• WHAT IS BEING ASKED
Retype each record below word for word, pictures excluded.

[Collection entries]
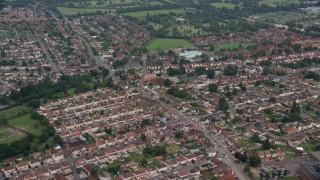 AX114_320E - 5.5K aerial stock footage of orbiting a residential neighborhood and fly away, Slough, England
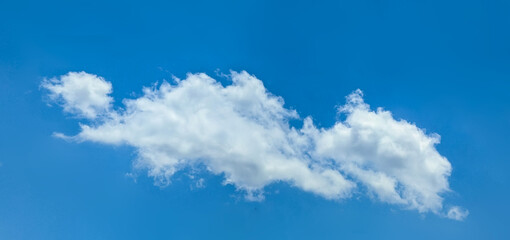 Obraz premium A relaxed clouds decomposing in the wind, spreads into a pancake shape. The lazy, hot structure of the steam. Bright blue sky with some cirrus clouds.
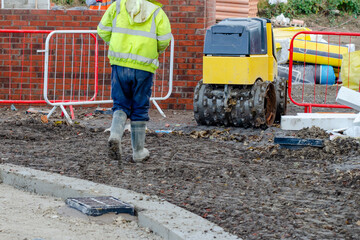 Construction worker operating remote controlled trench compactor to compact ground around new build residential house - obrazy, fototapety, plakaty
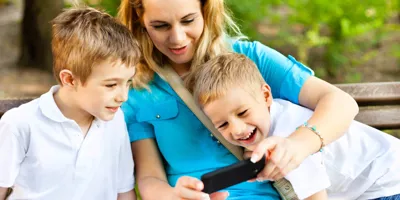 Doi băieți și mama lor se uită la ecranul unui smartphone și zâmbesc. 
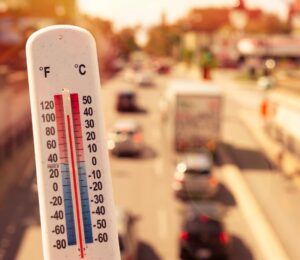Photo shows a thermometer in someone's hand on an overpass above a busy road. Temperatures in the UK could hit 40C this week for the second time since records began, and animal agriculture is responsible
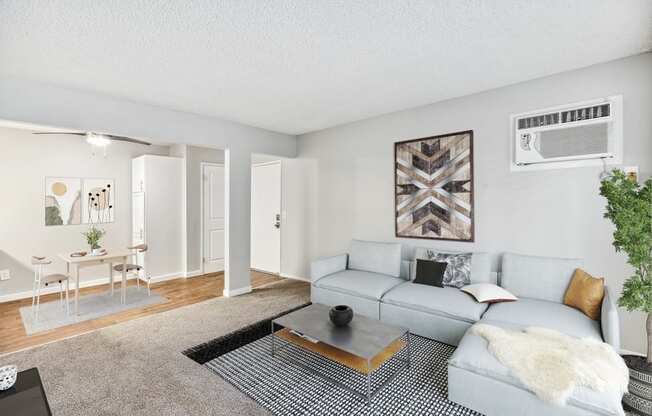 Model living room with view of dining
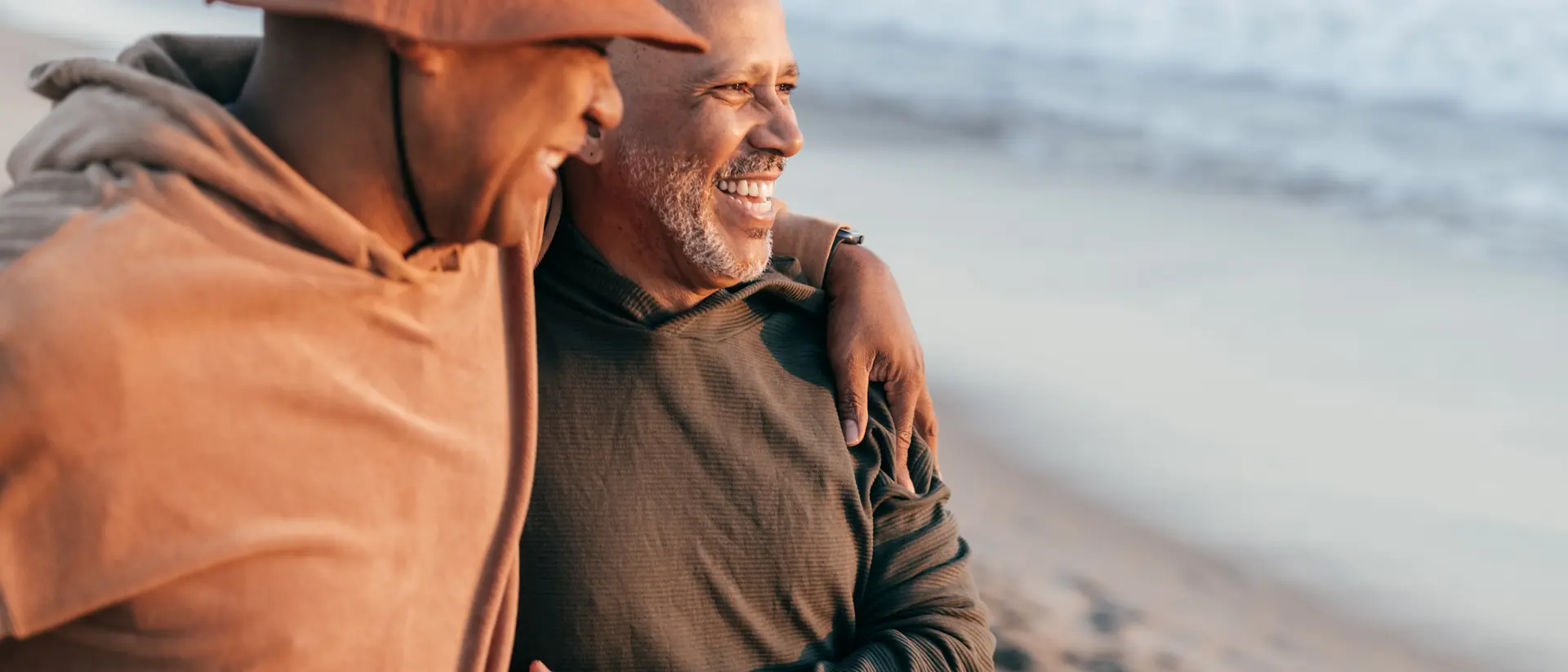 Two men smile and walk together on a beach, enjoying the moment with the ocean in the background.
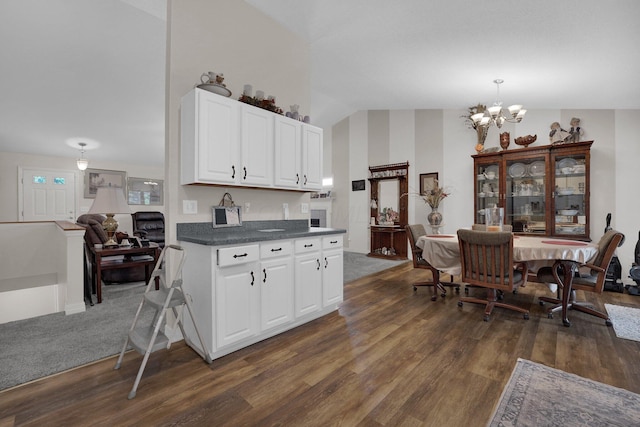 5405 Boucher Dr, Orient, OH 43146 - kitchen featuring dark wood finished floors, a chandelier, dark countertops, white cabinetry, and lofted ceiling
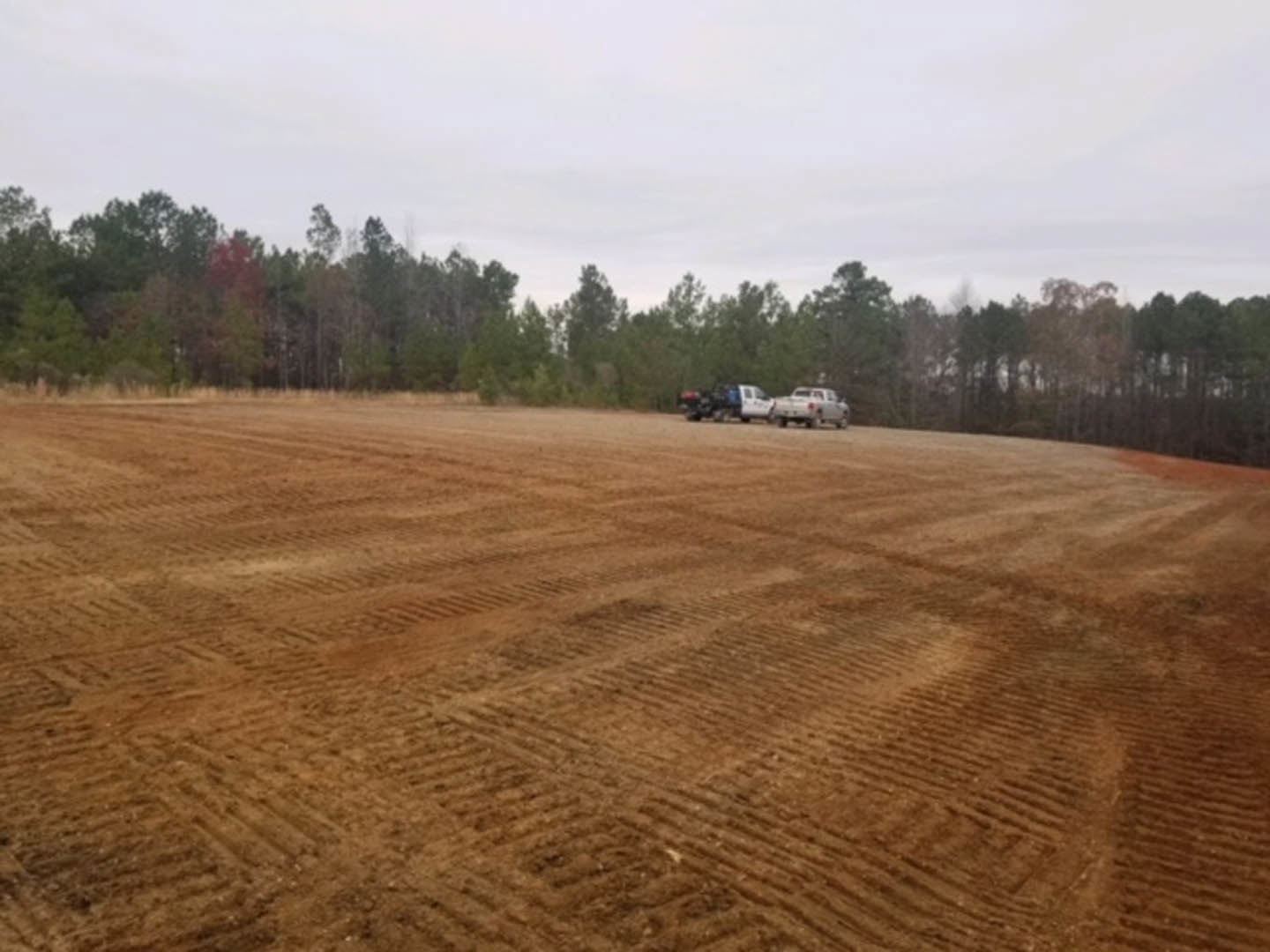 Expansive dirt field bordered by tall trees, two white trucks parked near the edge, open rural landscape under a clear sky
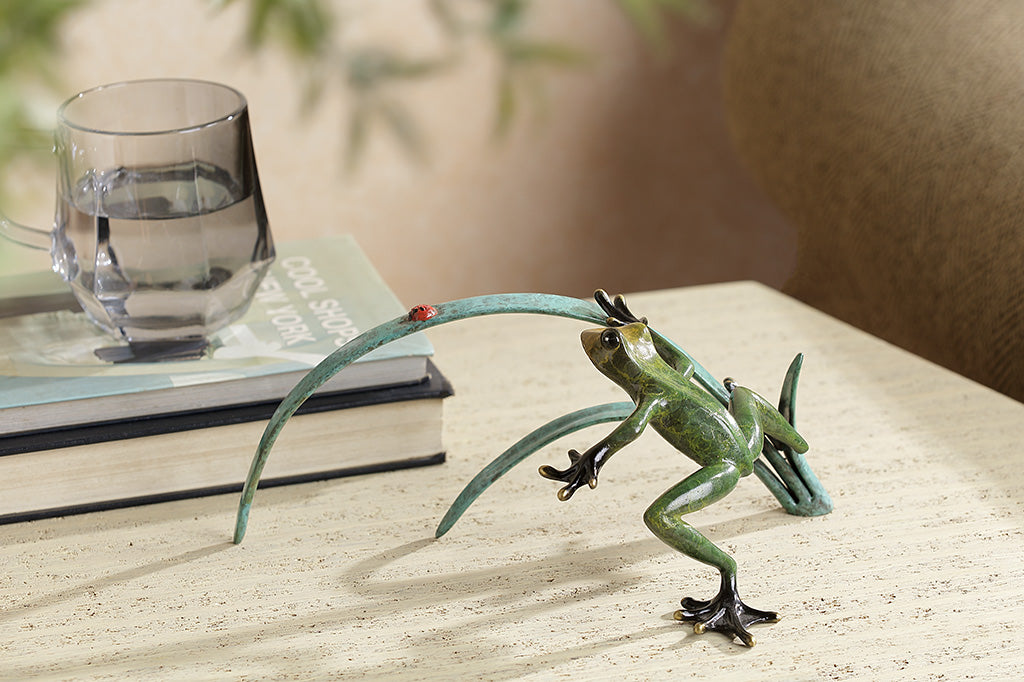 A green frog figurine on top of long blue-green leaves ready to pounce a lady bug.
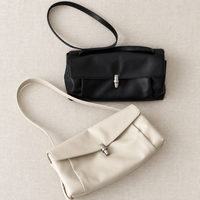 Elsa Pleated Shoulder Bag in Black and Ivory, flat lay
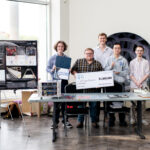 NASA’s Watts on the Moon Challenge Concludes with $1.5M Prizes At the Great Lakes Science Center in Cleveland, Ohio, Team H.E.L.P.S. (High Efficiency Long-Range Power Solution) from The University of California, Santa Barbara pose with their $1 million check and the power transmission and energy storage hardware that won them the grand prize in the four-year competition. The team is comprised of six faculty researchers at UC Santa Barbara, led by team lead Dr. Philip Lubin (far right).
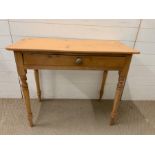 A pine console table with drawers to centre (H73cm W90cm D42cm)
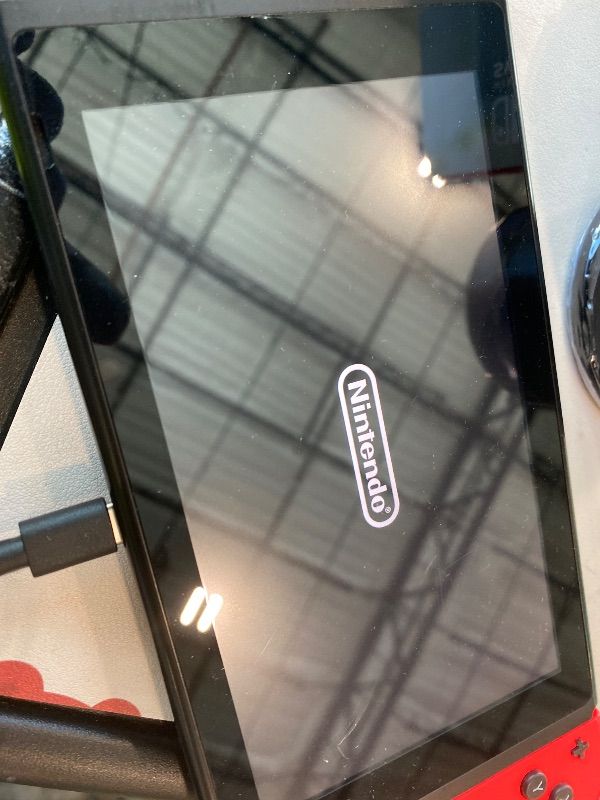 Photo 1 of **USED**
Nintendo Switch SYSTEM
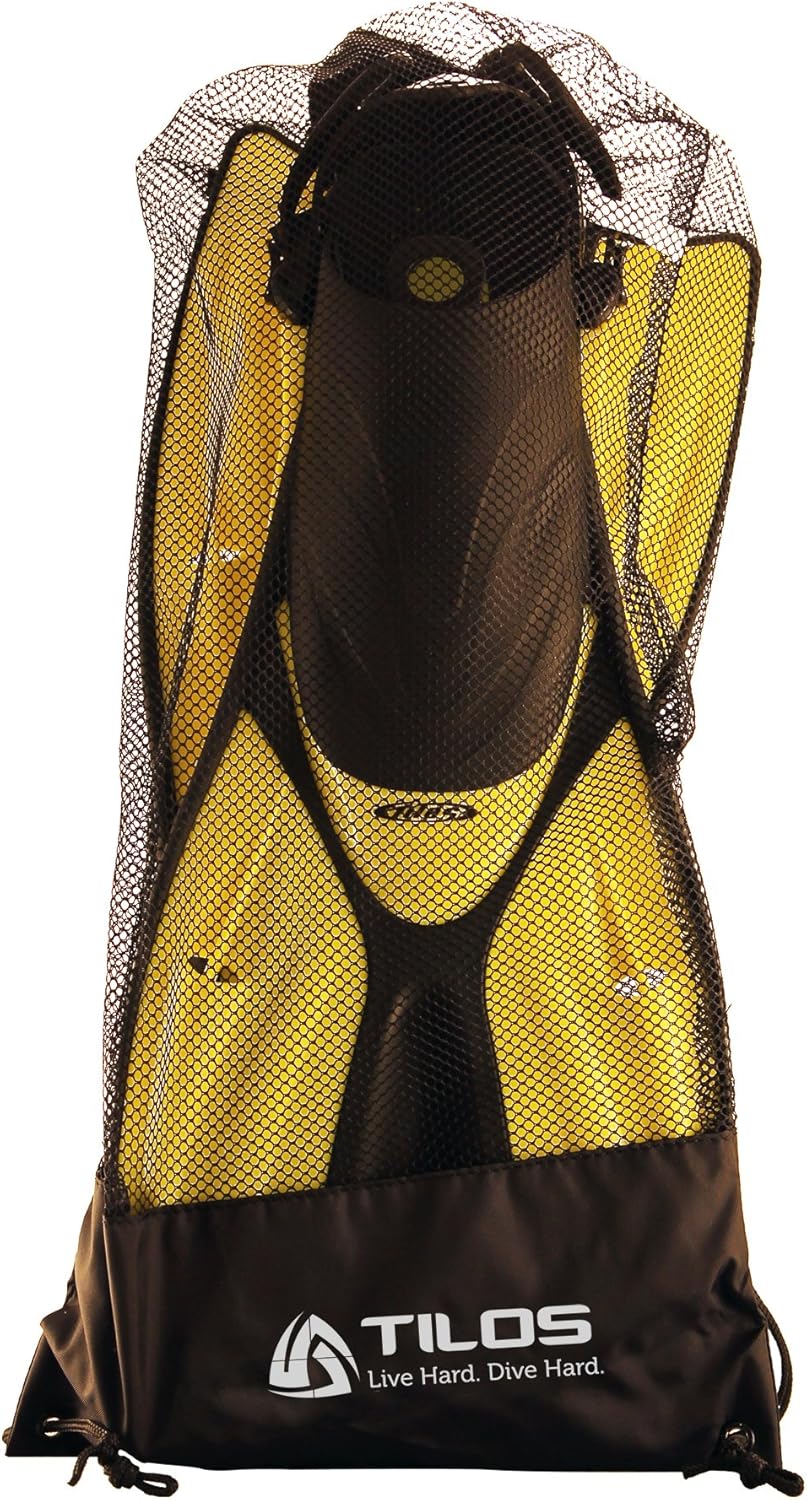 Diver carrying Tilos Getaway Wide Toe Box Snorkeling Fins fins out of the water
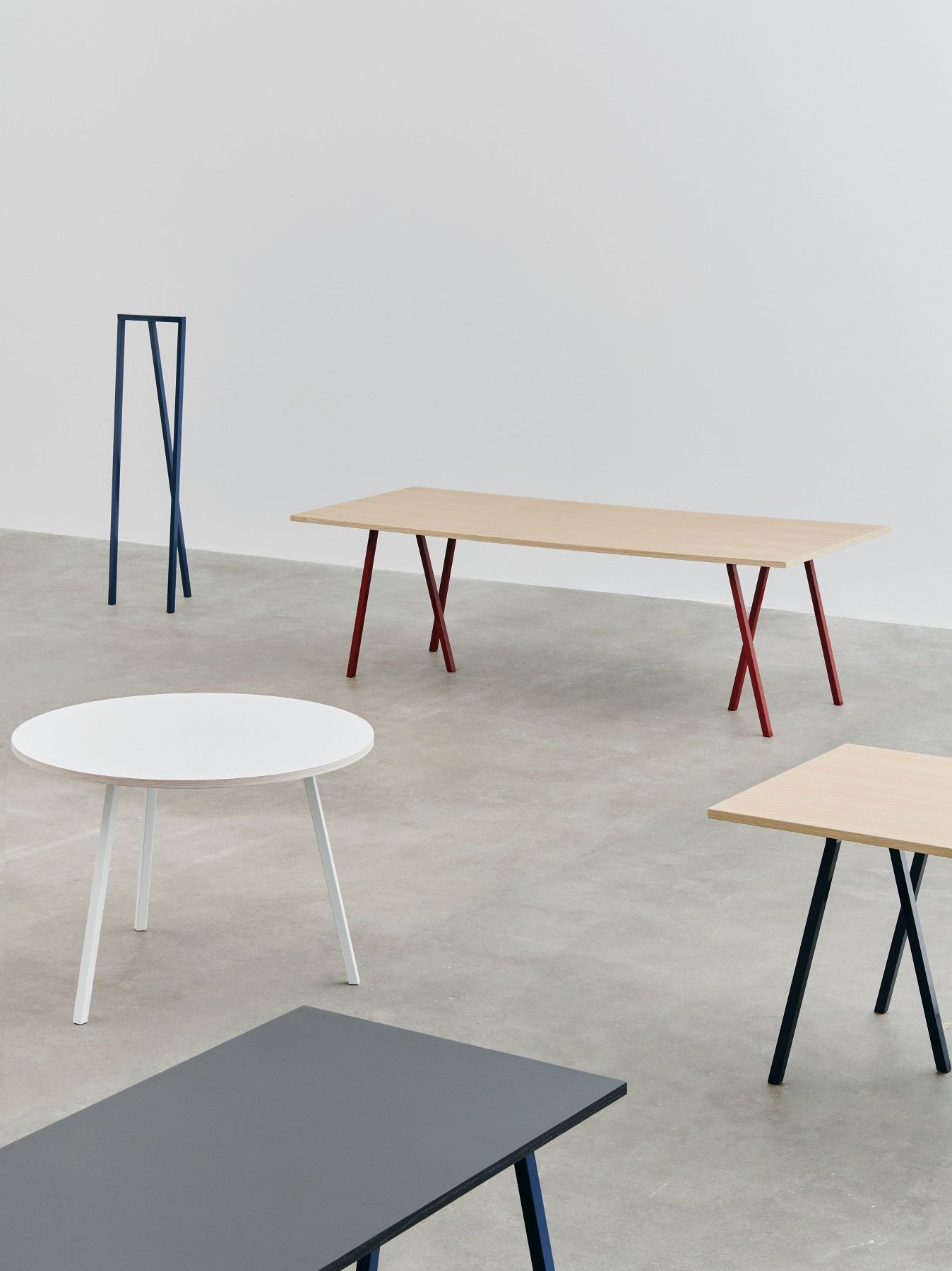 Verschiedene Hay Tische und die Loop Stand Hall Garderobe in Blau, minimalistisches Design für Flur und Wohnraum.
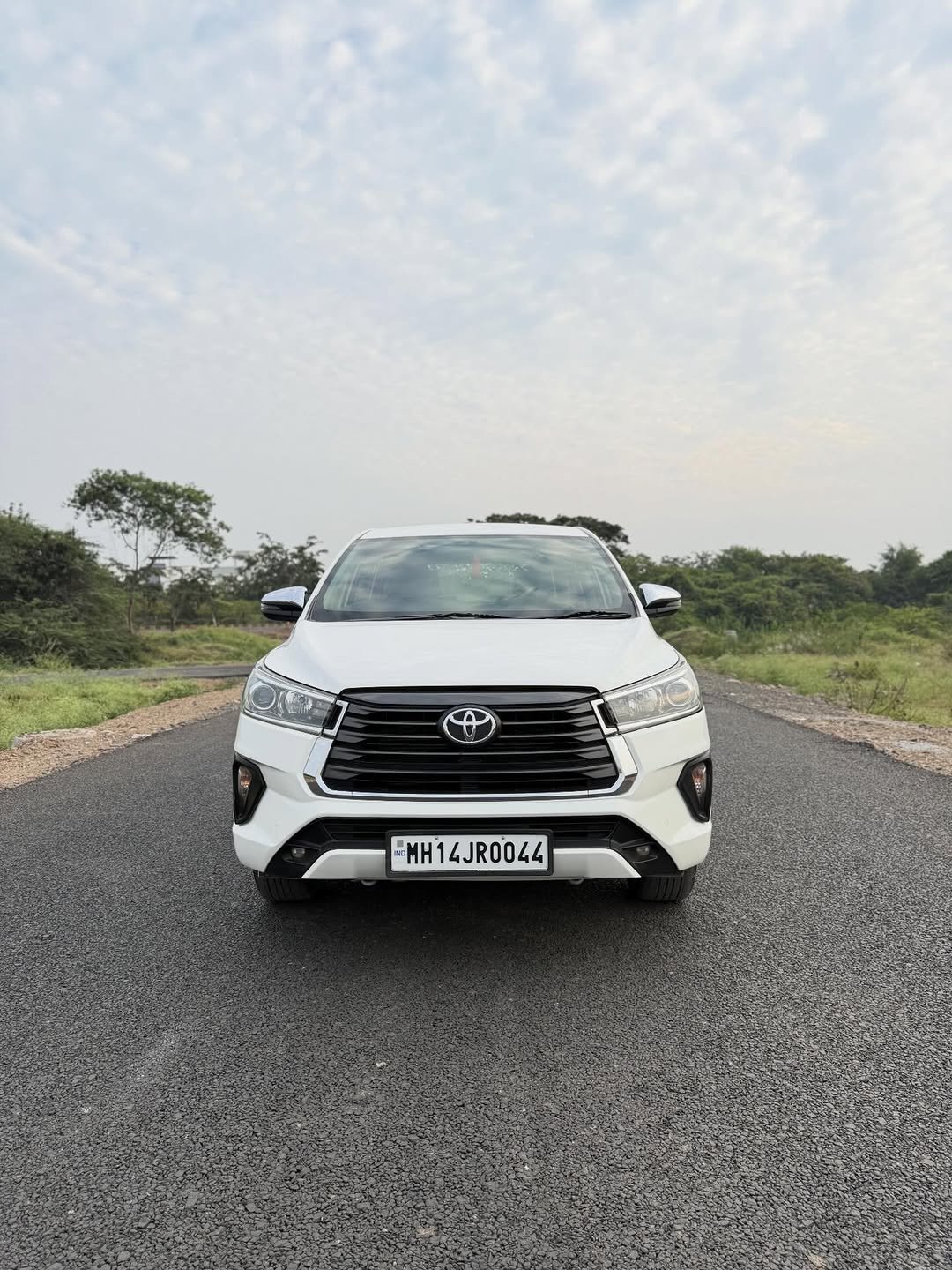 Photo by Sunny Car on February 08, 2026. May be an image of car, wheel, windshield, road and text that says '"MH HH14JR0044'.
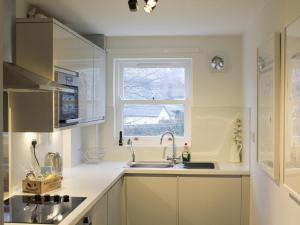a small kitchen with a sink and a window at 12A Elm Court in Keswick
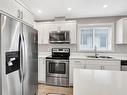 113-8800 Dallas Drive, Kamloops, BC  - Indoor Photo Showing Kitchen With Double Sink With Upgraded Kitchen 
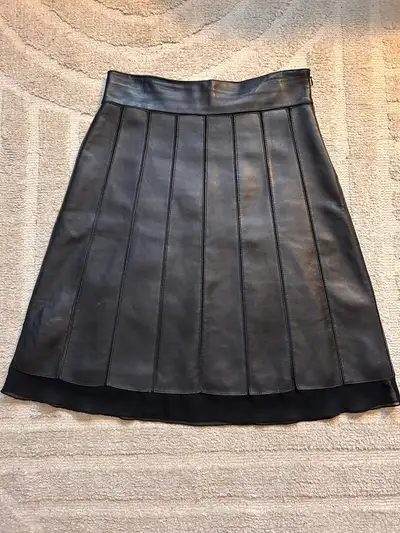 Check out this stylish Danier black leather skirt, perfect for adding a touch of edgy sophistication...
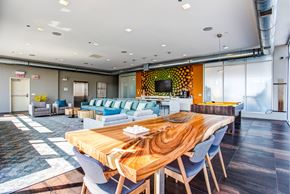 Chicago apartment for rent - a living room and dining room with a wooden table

• EXERCISE ANSWER
 AX114_320E - 5.5K aerial stock footage of orbiting a residential neighborhood and fly away, Slough, England
 Obraz premium A relaxed clouds decomposing in the wind, spreads into a pancake shape. The lazy, hot structure of the steam. Bright blue sky with some cirrus clouds.
 Construction worker operating remote controlled trench compactor to compact ground around new build residential house - obrazy, fototapety, plakaty
 Doi băieți și mama lor se uită la ecranul unui smartphone și zâmbesc. 
Photo shows a thermometer in someone's hand on an overpass above a busy road. Temperatures in the UK could hit 40C this week for the second time since records began, and animal agriculture is responsible
 Model living room with view of dining
 Two men smile and walk together on a beach, enjoying the moment with the ocean in the background.
 5405 Boucher Dr, Orient, OH 43146 - kitchen featuring dark wood finished floors, a chandelier, dark countertops, white cabinetry, and lofted ceiling
 Expansive dirt field bordered by tall trees, two white trucks parked near the edge, open rural landscape under a clear sky
 A green frog figurine on top of long blue-green leaves ready to pounce a lady bug.
 Elsa Pleated Shoulder Bag in Black and Ivory, flat lay
 NASA’s Watts on the Moon Challenge Concludes with $1.5M Prizes At the Great Lakes Science Center in Cleveland, Ohio, Team H.E.L.P.S. (High Efficiency Long-Range Power Solution) from The University of California, Santa Barbara pose with their $1 million check and the power transmission and energy storage hardware that won them the grand prize in the four-year competition. The team is comprised of six faculty researchers at UC Santa Barbara, led by team lead Dr. Philip Lubin (far right).
 A pine console table with drawers to centre (H73cm W90cm D42cm)
 Photo 1 of **USED**
Nintendo Switch SYSTEM
 Diver carrying Tilos Getaway Wide Toe Box Snorkeling Fins fins out of the water
 Verschiedene Hay Tische und die Loop Stand Hall Garderobe in Blau, minimalistisches Design für Flur und Wohnraum.
 Photo by Sunny Car on February 08, 2026. May be an image of car, wheel, windshield, road and text that says '"MH HH14JR0044'.
a small kitchen with a sink and a window at 12A Elm Court in Keswick
 113-8800 Dallas Drive, Kamloops, BC  - Indoor Photo Showing Kitchen With Double Sink With Upgraded Kitchen 
 Check out this stylish Danier black leather skirt, perfect for adding a touch of edgy sophistication...
 Chicago apartment for rent - a living room and dining room with a wooden table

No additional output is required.